Am Mittwoch liegen außerdem 44 weitere positive Ergebnisse von Gensequenzierungen von Coronafällen im Landkreis Cloppenburg vor. Das bedeutet, dass mittlerweile in 1032 Fällen die britische Mutation B 1.1.7 nachgewiesen werden konnte. Diese Laboruntersuchungen finden entweder stichprobenartig oder bei Verdachtsmomenten des Cloppenburger Gesundheitsamtes statt. Das jetzige Ergebnis verdeutlicht, dass sich die Mutante - auch wenn es weiterhin ein relativ großes Dunkelfeld gibt - im Landkreis weiter ausbreitet.  

Weil das Ansteckungsrisiko bei der Mutante nach Einschätzung der Forschung deutlich höher ist, hat die Cloppenburger Kreisverwaltung mit einer Anpassung bei den Quarantänebestimmungen vorgenommen. Aktuell stehen 2052 Einwohner des Landkreises unter amtlich angeordneter Quarantäne. Künftig muss jede Kontaktperson eines positiv Getesteten in Quarantäne,

  • wenn sie eine Zeit länger als 10 Minuten ohne medizinische Maske mit einer positiv getesteten Person verbracht hat und einen Abstand von 1,5 Metern nicht eingehalten hat.
  • wenn sie eine Zeit länger als 30 Minuten zusammen mit einer positiv getesteten Person in einem nicht ausreichend belüfteten Raum (konkretes Beispiel: Auto) verbracht hat. Dann spielt es keine Rolle, ob sowohl der Positive als auch die Kontaktperson, durchgehend und korrekt eine OP- oder FFP-2-Maske getragen haben. "Es macht ab dieser Dauer keinen Unterschied mehr, ob eine medizinische Maske getragen wurde oder nicht", fügt Beumker hinzu.

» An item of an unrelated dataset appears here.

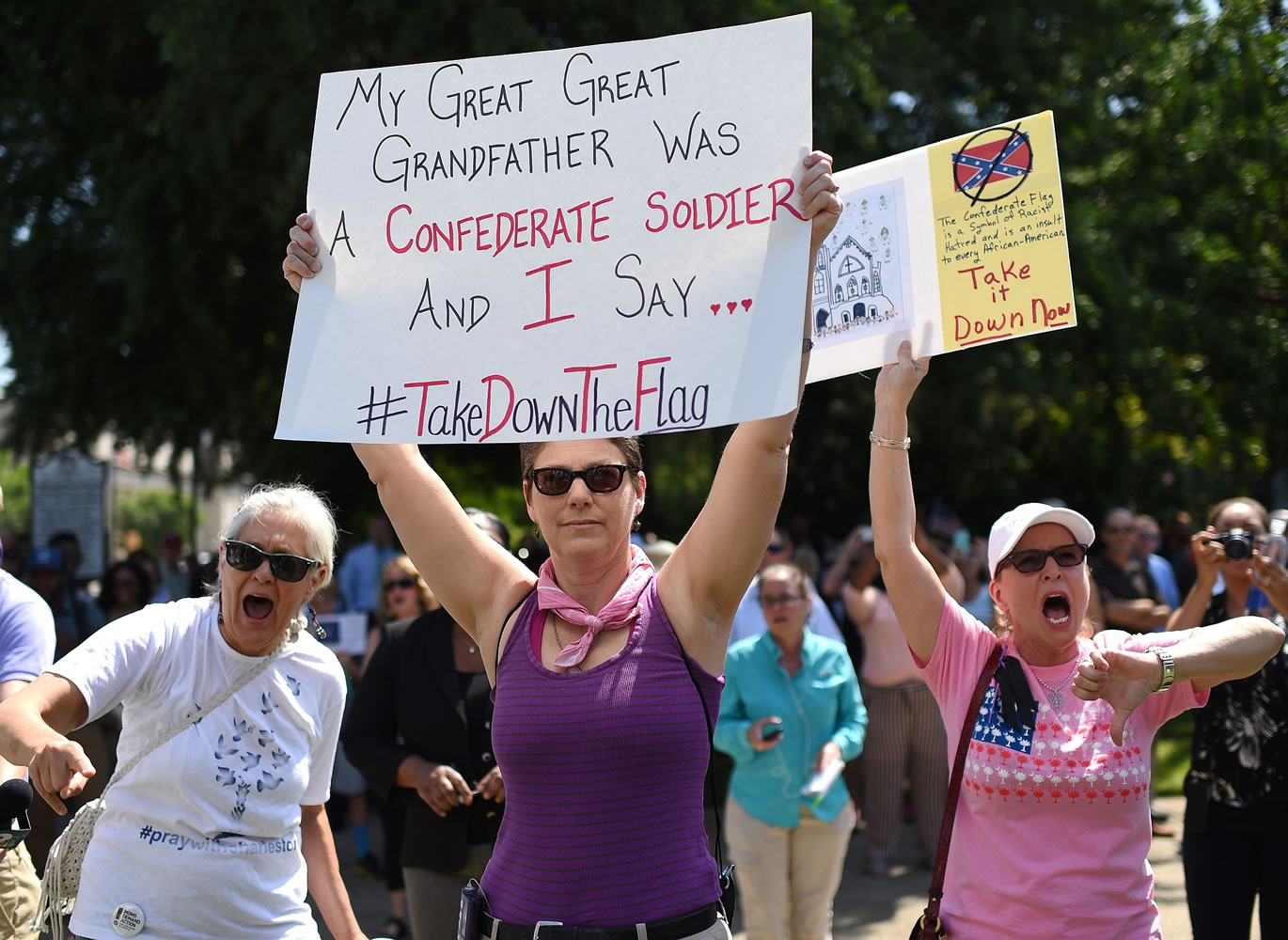 Protesters hold signs as they chant during a rally to take down the Confederate flag at the South Carolina Statehouse on Tuesday in Columbia, S.C.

Durch diese neuen Bestimmungen spielt das Tragen einer medizinische Maske (OP oder FFP2) künftig eine gewichtige Rolle, ob vom Gesundheitsamt eine Quarantäne angeordnet wird. "Die medizinische Maske ist essentiell wichtig, um das Risiko einer Ansteckung zu minimieren. Die Mund-Nasenbedeckung aus Stoff hat uns gut durch den vergangenen Sommer gebracht, in der medizinische Masken ein rares Gut waren", erklärt Landrat Johann Wimberg am Mittwoch. Nun seien medizinische Masken aber  "überall verfüg- und auch bezahlbar". Wer könne, soll aktuell möglichst auf Kontakte verzichten und bei notwendigen Treffen eine FFP2-Maske tragen, die Träger und Kontakt gleichermaßen schützt.

Es gibt aber nicht nur Verschärfungen, sondern auch Lockerungen bei den Quarantänebestimmungen im Landkreis Cloppenburg. Künftig müssen Kontaktpersonen von positiv Getesteten nicht mehr in Quarantäne,

  • wenn sie vor mehr als 14 Tagen ihre Zweitimpfung gegen Covid-19 erhalten haben.
  • wenn sie im PCR-Verfahren bereits einmal positiv getestet worden sind und darüber hinaus vor mehr als 14 Tagen ihre Erstimpfung erhalten haben.
  • wenn sie einen positives PCR-Testergebnis vorweisen kann, das nicht älter als sechs Monate ist.

Damit will der Landkreis "Rücksicht auf die die zunehmende Immunisierung der Bevölkerung" nehmen, wie Beumker erklärt. "Schon jetzt haben mehr als 16 Prozent unserer Bürger ihre Erstimpfung erhalten und 5 Prozent ihre Zweitimpfung. Mindestens 5 Prozent der Bürger im Landkreis wurden schon einmal positiv getestet und sind für einen gewissen Zeitraum immun", berichtet Landrat Johann Wimberg. Bislang hätten 27.706 Einwohner des Landkreises ihre Impfdosis erhalten. Bei dieser Zahl seien außerdem nicht Personen enthalten, die ihre Impfdosis von ihrem Hausarzt erhalten haben. Man gehe also davon aus, "dass die tatsächliche Zahl noch höher liegen wird", erklärt Kreissprecher Beumker.